Was gefällt ihm denn am besten im Glarnerland? Die Antwort kommt schnell: «Die Offenheit der Bevölkerung. Die Begegnungen mit dem einstigen Milchexpress werde ich niemals vergessen. Und mittlerweile wissen und akzeptieren auch alle, dass ich einfach Du sage. Sie duzen mich auch.» Woher kommt diese Angewohnheit, die ja doch gewöhnungsbedürftig ist? «Ich bin viel in den Bergen. In der Innerschweiz sagt man allen ab 1000 Metern Du», lacht er.
Die Berge sind denn auch sein Hobby. «Seit ich laufen kann, zieht es mich dorthin. Ich kletterte unzählige Male die Rigi hoch, renne, wandere und fahre Ski.» Im Alter von 18 Jahren absolvierte er seine erste Skitour in Engelberg. Seither stand er fast zehnmal auf dem Tödi. «Ich mache rund 30 Skitouren pro Winter. Etwa zur Hälfte mit meiner Partnerin.» Hier erholt er sich, ebenso in «unserem schönen Daheim», in der Familie und mit Freunden. Seine drei erwachsenen Söhne sind sein ganzer Stolz.

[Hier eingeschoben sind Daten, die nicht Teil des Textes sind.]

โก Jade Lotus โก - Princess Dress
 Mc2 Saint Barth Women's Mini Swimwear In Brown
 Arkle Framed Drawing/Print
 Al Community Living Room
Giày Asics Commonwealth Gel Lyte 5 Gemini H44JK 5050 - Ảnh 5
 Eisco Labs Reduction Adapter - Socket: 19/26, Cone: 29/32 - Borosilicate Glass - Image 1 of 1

Was gefällt ihm weniger im Glarnerland? «Nichts», lautet seine klare Antwort. Wirklich nichts? «Die Sonne scheint weniger lang als in der Innerschweiz. Aber das ist Natur, das können wir nicht ändern. Es ist gut, wie es ist», sagt er auf die entsprechende Nachfrage.
Trotz der vielen Arbeit engagiert er sich auch im Dienste der Öffentlichkeit. Zehn Jahre lang hat er die Fasnacht in Glarus mitorganisiert. Seit vielen Jahren ist er Vorstandsmitglied des Gewerbevereins Ennenda und seit der Gründung Verwaltungsrat der Landi Glarnerland AG. Zudem gehört er seit mehr als 20 Jahren dem Elternrat der Pfadi Glarus an.

Neue Wege gesucht

Auch wenn er heute die Milchzentrale Gössi mit Erfolg führt, gab es geschäftlich doch immer wieder schwierige Zeiten. So wie erwähnt die Schliessung der Milchzentrale Ennenda oder die Einstellung des Milchexpresses nach einem Totalschaden des Fahrzeugs. Doch er liess sich nicht beirren. Innovativ, wie er eben ist, mietete er in Ennenda Produktionsräumlichkeiten und eröffnete in Glarus den Event-Keller, der gerne von Privaten und Vereinen gebucht wird. «Seit fünf Jahren arbeitet mein ältester Sohn Roman mit. Sein Einstieg trägt viel zum Erfolg bei. Wie auch die tolle Arbeit der gesamten Belegschaft», betont er.
Würde er rückblickend nochmals alles gleich machen? «Ja, ausser ein paar Kleinigkeiten», lacht er. Er habe sich schon gefragt, wie sein Leben verlaufen wäre, wenn er nach Kanada ausgewandert wäre. Der Besitzer der dortigen Milchfarm – ebenfalls ein Schweizer – hat ihn übrigens 25 Jahre später besucht. Er hatte die Gössi-Tafel in Glarus gesehen und gedacht, er müsse mal schauen, ob es Sepp Gössi sei. Das Wiedersehen wurde natürlich herzlich gefeiert. Das muss man einen Innerschweizer ja nicht lehren.